La historia, “testigo de lo pasado, ejemplo y aviso de lo presente, advertencia de lo porvenir”, que escribió Cervantes, se convierte en Volver a Carranque en la “novela inmortal” a la que se refería Anatole France, a la que Cicerón consideró “luz de la verdad y maestra de la vida”. Y sobre la orgía de los más varios personajes destaca Achantia. La mujer audaz e inteligente se adentra con ramalazos feministas en el árido siglo IV de nuestra era: “¿Es que las mujeres no podemos discutir las escrituras igual que los hombres hacen?”. Soporta, en fin, la mujer las ausencias del marido y las borracheras del suegro.
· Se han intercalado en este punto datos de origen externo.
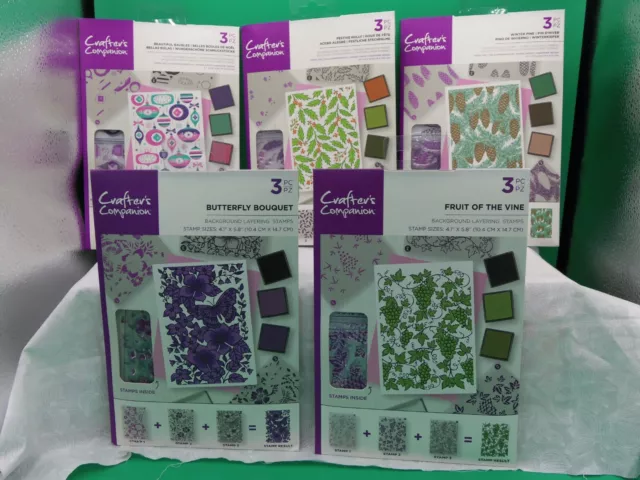 Background Layering Stamps by Crafters Companion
Desmenuza el autor los traumas de Cinegio, que en su adolescencia quiso convertirse en gladiador, y Clinio le insultó en el atrio de su casa: “¿Pelear en la arena? ¿Convertirte en gladiador? ¿No se te ocurre nada más bajo? Ladrón, violador, sicario, esclavo, sepulturero, galeote, tahúr, eunuco, incluso ramera. ¿A algo más mezquino aspiras?” Achantia supo siempre controlar al esposo traumatizado, aunque sufrió profundamente en sus dos embarazos frustrados y luego con su hija Julia que nació muerta. Finalmente, la familia fue bendecida con descendencia.
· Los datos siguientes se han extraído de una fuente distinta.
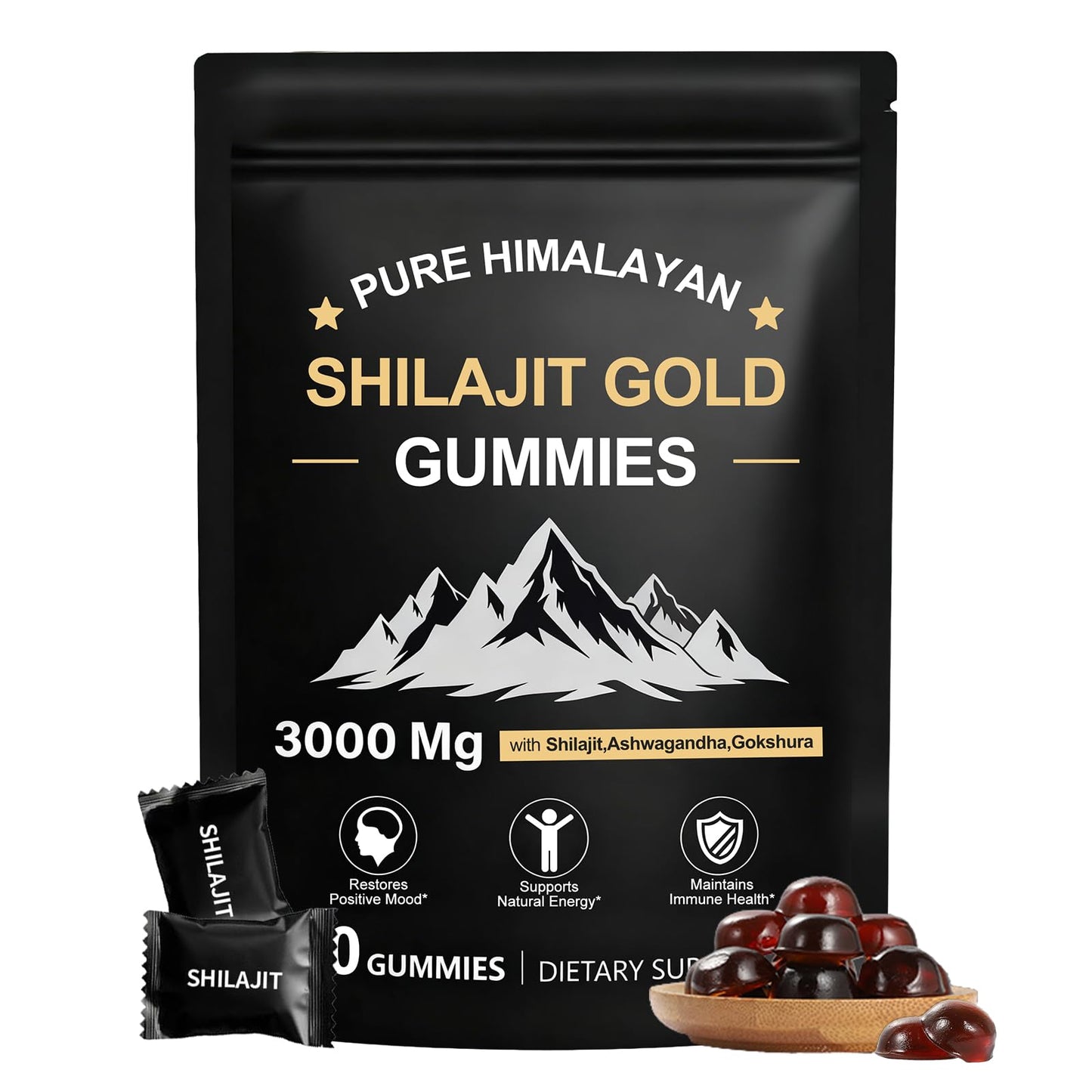Dmtdnid Himalayan Shilajit 80 Gummies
Cinegio “comprendió que no existe mayor enemigo para el hombre que su conciencia, ni forma más poderosa de demostrar el amor por otro que hacerlo en silencio, sin palabras, regalos ni promesas vacías”. A su emperador le explica que los nombres de las constelaciones proceden del Argo, el barco con el que Jasón marchó a recuperar el Vellocino de Oro. Y a Achantia, su esposa, cuando el infarto le quiebra la vida, le pide el regreso a Hispania, a su villa de Carranque, en Toledo. Así que la viuda emprende el largo camino desde Constantinopla para cumplir con la voluntad del esposo muerto.
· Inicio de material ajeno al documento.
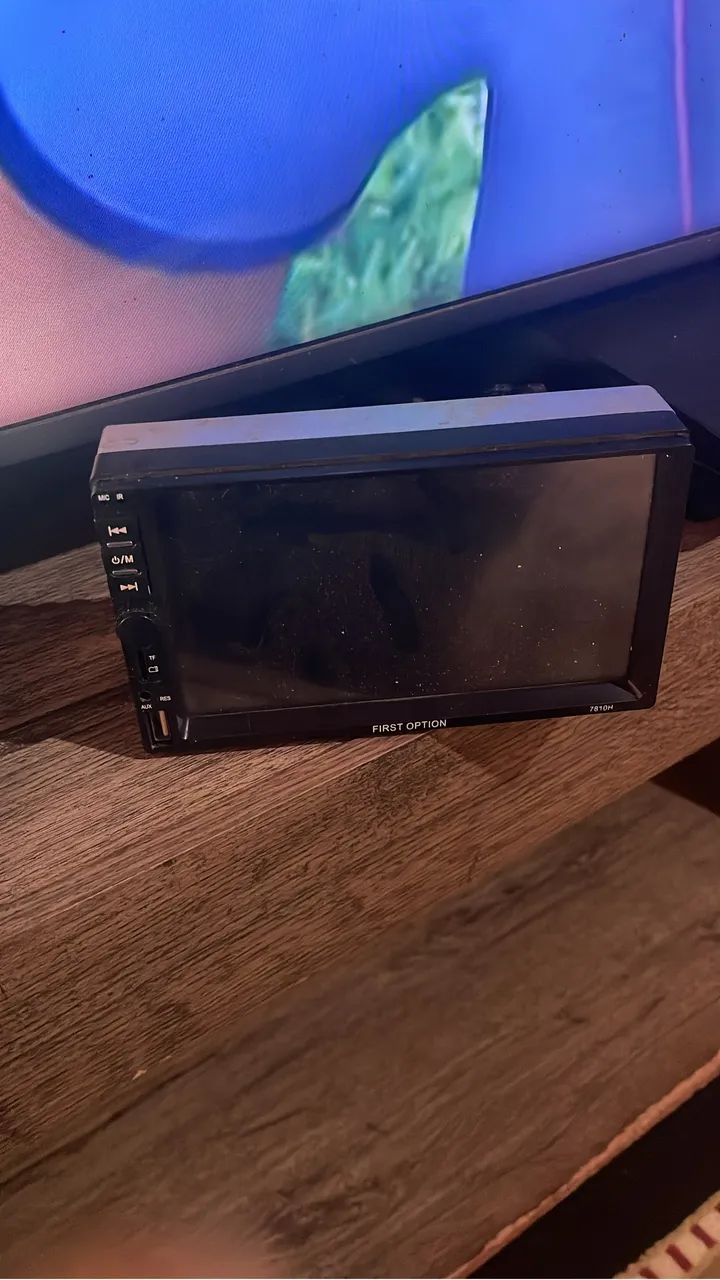 Central multimidia first opition modelo 7810h novo 1 meses de uso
Es el año 389. Desfilan por la novela Prisciliano, Ambrosio, Dámaso y también Hipatia, la mujer filósofa y matemática que asombró en la Edad Media. Entre todos ellos, Materno Cinegio, mano derecha del emperador Teodosio, ejerció influencia decisiva en el siglo IV. Era cojo y no demasiado agraciado físicamente. Pero cumplió su promesa de esposo, en su regreso a Carranque: “Te juro que aquí descansaremos juntos para siempre”, porque al decir de San Agustín “la medida del amor es el amor sin medida”.